(Stored data)

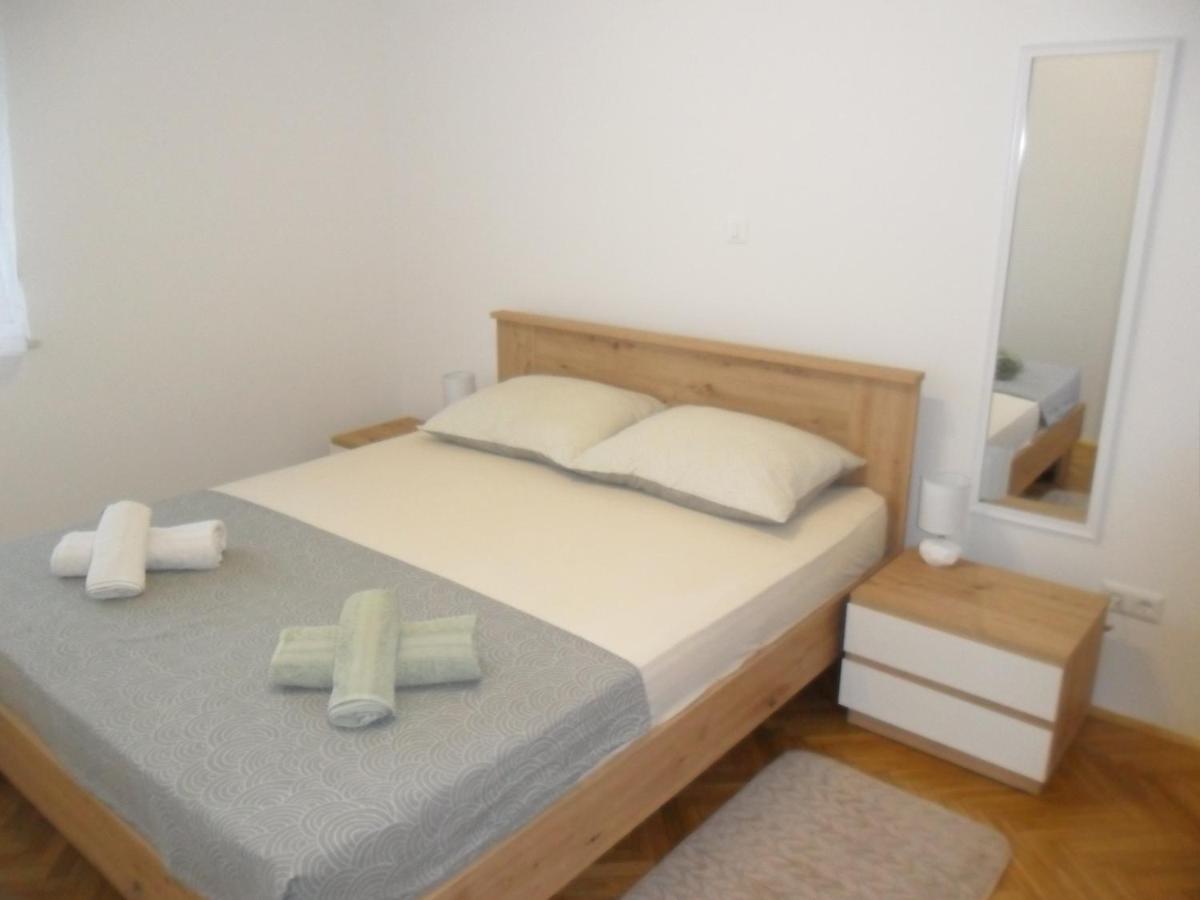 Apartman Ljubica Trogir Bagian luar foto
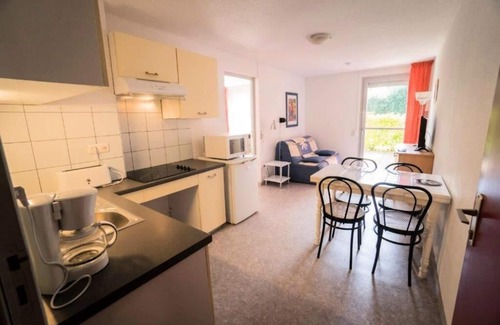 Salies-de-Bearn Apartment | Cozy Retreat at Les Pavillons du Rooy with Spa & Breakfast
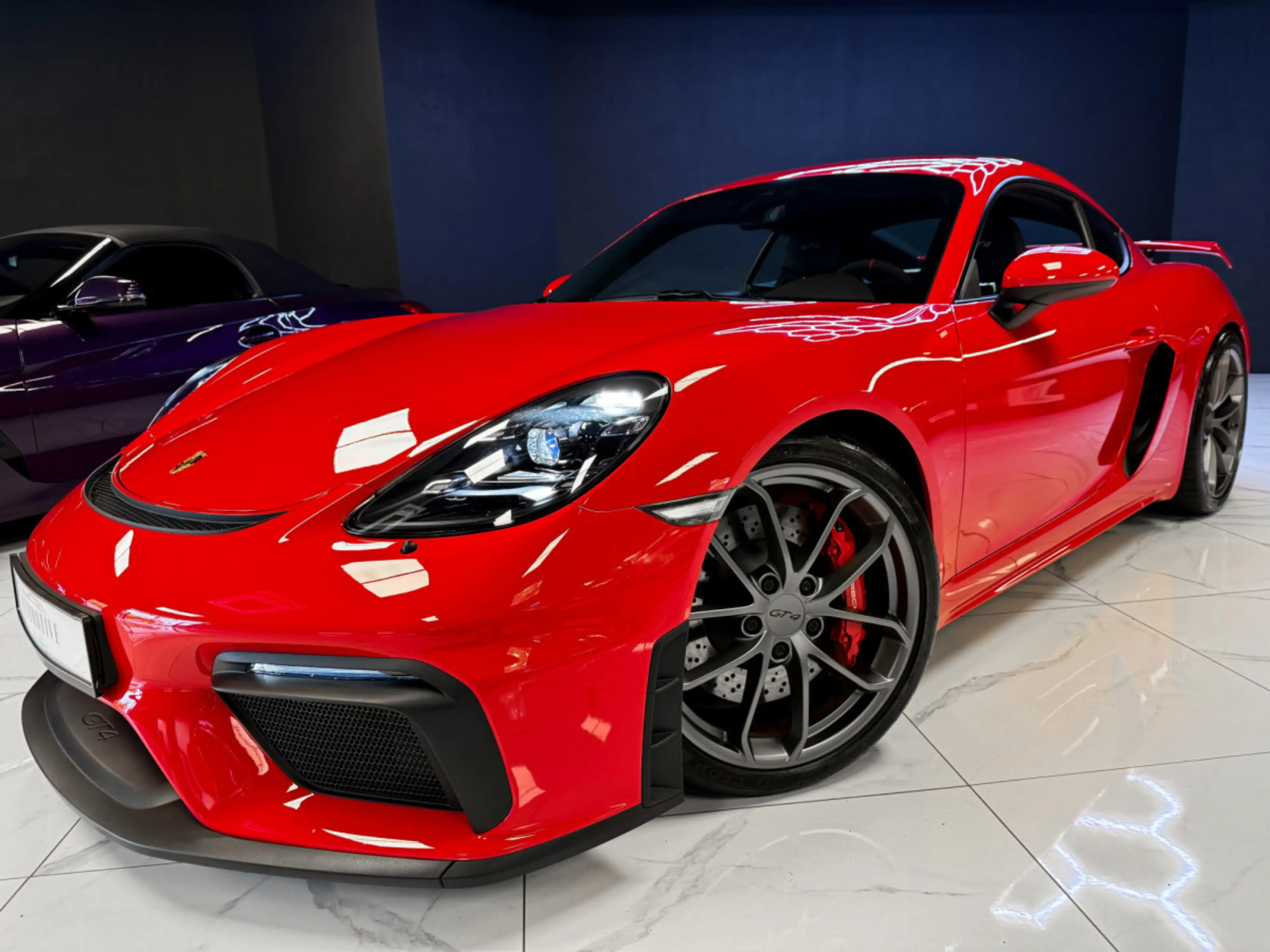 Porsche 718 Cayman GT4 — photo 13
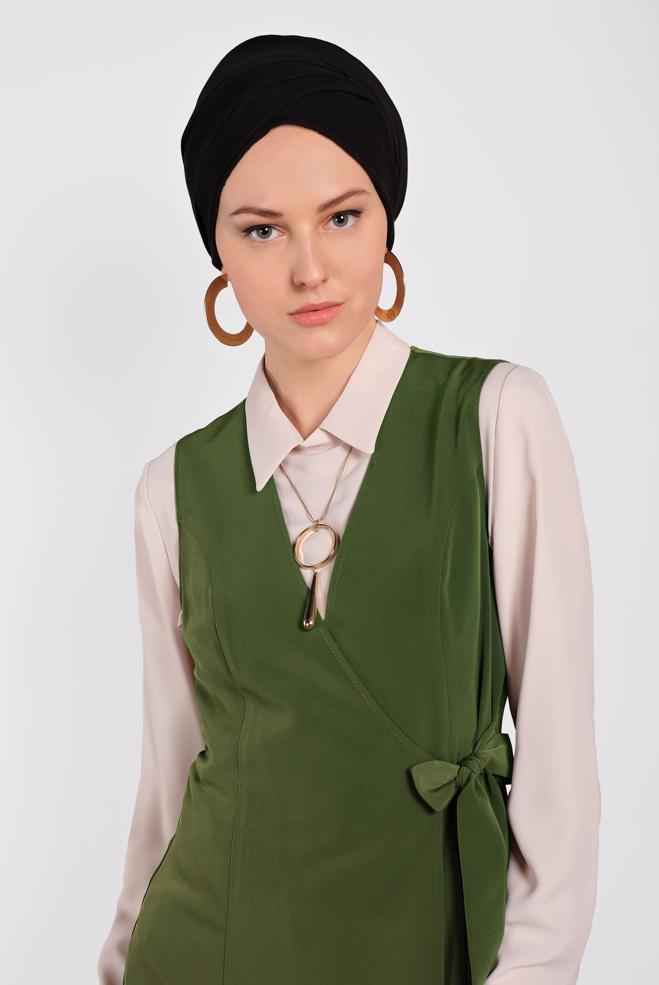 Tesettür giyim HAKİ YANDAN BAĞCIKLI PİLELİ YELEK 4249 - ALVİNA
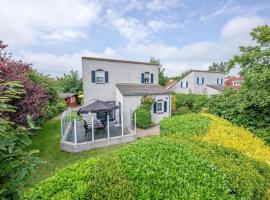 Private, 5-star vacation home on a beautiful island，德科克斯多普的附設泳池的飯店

What you are asked to do. Word for word, repeat only the lines from the line containing "Tesettür giyim HAKİ" through the end of the data, without any pictures.

Solution to this exercise.
 Tesettür giyim HAKİ YANDAN BAĞCIKLI PİLELİ YELEK 4249 - ALVİNA
 Private, 5-star vacation home on a beautiful island，德科克斯多普的附設泳池的飯店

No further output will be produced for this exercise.